26 de octubre. Día tranquilo. Falta un día para concluir la travesía. Durante toda la noche se celebró en cubierta el final de la singladura con una bulliciosa fiesta hasta el amanecer cuando el gallo cacareó tres veces, cantaron las ninfas del mar y bailaron los centauros. Por la ventana de la cocina se alzaba vapor de agua blanco, cuya forma recordaba la cola de algún espíritu, y se esparcía un delicioso olor a hervido. También se oían los animales, voces de los cocineros y el alegre entrechocar de los cacharros de cocina. El sol poniente hacia resaltar cuatro gigantescas columnas de mármol, dispuestas para adornar cualquier plaza de la ciudad a la que iban destinadas.

27 de octubre. El puerto de Cádiz es avistado cuando desde lo alto del mástil de nuestra goleta se anuncia la arribada a la ciudad. Un hecho de resaltar a la llegada a la ciudad de Cádiz, que no sucede como en otras ciudades que a su llegada sobresale las torres o cúpula de su iglesia mayor o catedral; sino todo un sinfín de torres miradores que le da un aire a mi entender como de ciudad medieval. Como sucede en Siena y que yo recordaba, pues la visité con mi padre siendo yo aun un muchacho; y que aunque su llegada no se hiciera por mar, siempre me impresionó.

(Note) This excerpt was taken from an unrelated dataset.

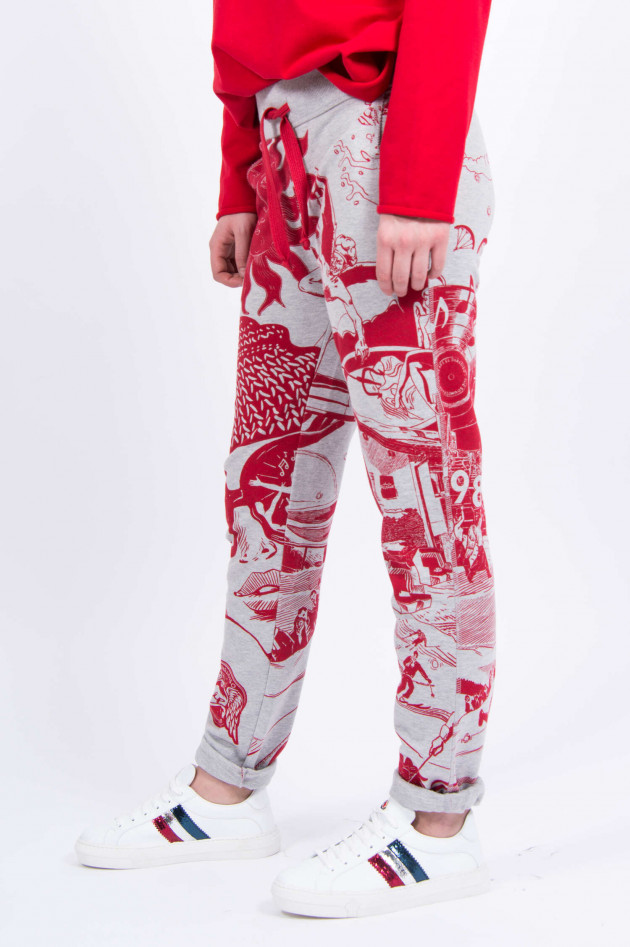 Juvia Sweatpants in Grau/Rot gemustert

En Cádiz, y una vez desembarcada la mercancía, desde el muelle y transportada en un carro arrastrado por dos mulos seria desviada por la Puerta de San Carlos. Otra de las cosa a destacar de esta antigua ciudad es que a no tener espacio para crecer a lo ancho lo hace hacia lo alto como le sucede a los jóvenes en llegando la edad.

Al desembarcar, unos niños pedigüeños se nos ofrecen para empujar el cargamento. Deambulamos por la plaza de las Cuatro Torres, paseo de las Nieves, y por allí desembocamos a la calle del Camino que nos llevaría hasta la plaza de Loreto, en el llamado barrio de la Observancia llegando a las doce de la mañana tocando las campanas la hora del Angelus. En la puerta del convento franciscano, se encontraba Fray Benito Huerta Punsert guardián de dicha casa y una comitiva compuesta por cuatro señores y el donante de la mercancíaun tal don Juan Gómez de Figueroa, según manifestó, todos entrados en años, que se hicieron cargo de la mercancía reseñada. Una vez bajada del carro y siempre llevado con sumo cuidado, fue introducida por el patio columnado hasta unos aposentos que presentaban aspecto de Sacristía, al comprobar su similitud con otros conocidos en mi ciudad natal. En el silencio del claustro se escuchaban ecos decampanillas. Un lego sacaba agua del aljibe más cercano a la puerta dando sus sones la garrucha con su continuo chirriar de abajo arriba. Tras la firma y su consiguiente entrega de la documentación reglamentaria a la entrega de la mercancía mi compañero y yo, y una vez cobrada la cuantía estipulada nos dirigimos de nuevo según nos indicaron por el camino del Baluarte de san Felipe, desde donde divisaríamos de nuevo el puerto de la ciudad.

 

Al dorso de la última hoja, escrito con peor letra, se pudo leer:

 

Por mandato de Fray Jerónimo de la Cruz, hizo la hechura de este armario para el Convento del Sr. San Francisco de esta ciudad de Cádiz, el maestro Juan Nicolás Silva y López, con la ayuda de su hijo Pedro Juan Nicolás Silva.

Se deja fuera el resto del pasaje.